Even a basic EV battery pack can account for a third (sometimes more) of the vehicle’s cost. Which means whoever owns the material science behind it also shapes the pace at which EVs become affordable in India. Cathode materials like LFP and LMFP, and new anode blends that mix graphite with silicon are pushing performance upward — faster charging, better safety, longer life. These aren’t futuristic concepts; they’re already being tried in pilot lines in multiple markets, and the results are encouraging.
However, as India thinks about larger EV adoption, another uncomfortable truth emerges – the world’s supply of battery-grade materials is concentrated in a handful of geographies. If global tensions flare or prices swing wildly, India doesn’t have many levers to pull. More than three-quarters of the critical components used in lithium-ion batteries still come from outside the country. That alone explains why domestic production of battery materials has gone from being an industry talking point to a strategic priority.

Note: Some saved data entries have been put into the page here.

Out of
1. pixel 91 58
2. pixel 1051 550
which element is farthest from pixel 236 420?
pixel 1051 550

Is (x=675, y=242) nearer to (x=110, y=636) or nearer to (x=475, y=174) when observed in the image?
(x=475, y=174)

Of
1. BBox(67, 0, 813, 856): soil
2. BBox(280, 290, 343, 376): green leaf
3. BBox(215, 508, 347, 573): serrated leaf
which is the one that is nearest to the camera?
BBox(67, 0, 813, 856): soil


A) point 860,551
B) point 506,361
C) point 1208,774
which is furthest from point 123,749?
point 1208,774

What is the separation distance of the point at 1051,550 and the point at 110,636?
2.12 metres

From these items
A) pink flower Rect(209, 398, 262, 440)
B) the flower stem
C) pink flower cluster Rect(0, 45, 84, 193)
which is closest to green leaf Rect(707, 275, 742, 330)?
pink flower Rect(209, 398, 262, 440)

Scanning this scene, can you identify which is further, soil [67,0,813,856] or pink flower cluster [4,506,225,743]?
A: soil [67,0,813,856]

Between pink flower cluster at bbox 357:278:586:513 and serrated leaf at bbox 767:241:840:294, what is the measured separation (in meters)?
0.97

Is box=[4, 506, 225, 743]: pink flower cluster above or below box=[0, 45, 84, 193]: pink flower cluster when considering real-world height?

Manufacturing these materials here solves more than one problem. It steadies the supply chain, trims import bills, keeps value creation inside the country, and gives local cell makers along with ancillaries a clearer runway. And, importantly, it builds technical jobs — the sort of roles in electrochemistry, nanomaterials, automation, and thermal design that India will need if it wants to lead in clean energy instead of simply supporting it.

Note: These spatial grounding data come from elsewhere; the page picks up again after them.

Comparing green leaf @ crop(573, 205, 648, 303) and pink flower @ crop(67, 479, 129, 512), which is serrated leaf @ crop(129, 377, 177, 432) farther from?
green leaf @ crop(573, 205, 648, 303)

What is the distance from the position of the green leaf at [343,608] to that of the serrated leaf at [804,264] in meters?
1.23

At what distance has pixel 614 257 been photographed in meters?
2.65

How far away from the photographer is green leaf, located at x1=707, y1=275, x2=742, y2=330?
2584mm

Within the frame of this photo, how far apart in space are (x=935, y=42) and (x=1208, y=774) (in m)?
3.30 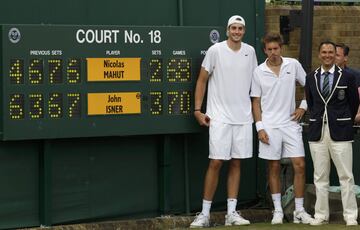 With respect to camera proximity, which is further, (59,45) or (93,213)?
(93,213)

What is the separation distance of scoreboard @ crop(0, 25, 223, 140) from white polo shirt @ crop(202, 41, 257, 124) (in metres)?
0.30

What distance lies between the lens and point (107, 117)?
8711 mm

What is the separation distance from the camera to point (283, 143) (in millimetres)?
9078

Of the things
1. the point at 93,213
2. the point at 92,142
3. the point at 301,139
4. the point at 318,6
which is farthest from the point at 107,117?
the point at 318,6

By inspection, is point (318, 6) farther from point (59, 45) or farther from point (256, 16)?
point (59, 45)

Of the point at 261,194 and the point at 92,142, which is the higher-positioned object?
the point at 92,142

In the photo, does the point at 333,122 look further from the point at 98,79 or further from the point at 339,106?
the point at 98,79

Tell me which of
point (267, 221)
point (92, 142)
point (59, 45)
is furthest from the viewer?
point (267, 221)

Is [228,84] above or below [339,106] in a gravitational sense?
above

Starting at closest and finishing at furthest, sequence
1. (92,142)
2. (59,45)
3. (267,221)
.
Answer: (59,45) < (92,142) < (267,221)

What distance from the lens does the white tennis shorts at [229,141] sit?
892 cm

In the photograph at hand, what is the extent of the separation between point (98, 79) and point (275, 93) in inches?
73.1

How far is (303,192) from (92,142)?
228 cm

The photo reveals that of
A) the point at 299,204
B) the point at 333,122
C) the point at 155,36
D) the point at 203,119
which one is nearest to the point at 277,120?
the point at 333,122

There’s also a part of the conversation that rarely gets the attention it deserves: recycling. A battery that has reached the end of its vehicle life isn’t waste. It’s a compact, high-value collection of metals and minerals that India spends heavily to import. If a proper segregation, collection and recycling network takes shape — one that can safely transport, disassemble and recover materials — the country could reclaim a meaningful share of the graphite, lithium and other minerals that went into the pack in the first place.
Countries that succeed in closing this loop won’t just reduce waste; they’ll shield themselves from the raw material shortages that everyone sees coming. EV adoption is moving far faster than mining capacity can keep up. Recycling gives nations a second reservoir of material — one that doesn’t depend on global commodity cycles.

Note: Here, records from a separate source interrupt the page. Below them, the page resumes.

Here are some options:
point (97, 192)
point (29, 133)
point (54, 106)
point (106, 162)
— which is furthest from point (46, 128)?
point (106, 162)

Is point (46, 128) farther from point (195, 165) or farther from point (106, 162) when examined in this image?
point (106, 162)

All of these ties back to one simple idea: India’s EV future will be shaped less by how many vehicles are sold, and more by how well the country manages the chemistry behind them. Building cars and two-wheelers is important, but building the materials that power them is where the long-term advantage lies. Nations that figure out battery materials, circular systems and sustainable manufacturing early will influence the global energy economy far more than those who enter the race late.
India has the scientists, the industrial scale and the policy momentum to make this shift. What matters now is timing — moving from being a buyer and assembler of advanced materials to becoming a producer and, eventually, an innovator in them. The EV transition is already underway. The bigger question is whether India will also own the technology that drives it. That’s where the next phase of leadership will come from, and it’s a race worth winning.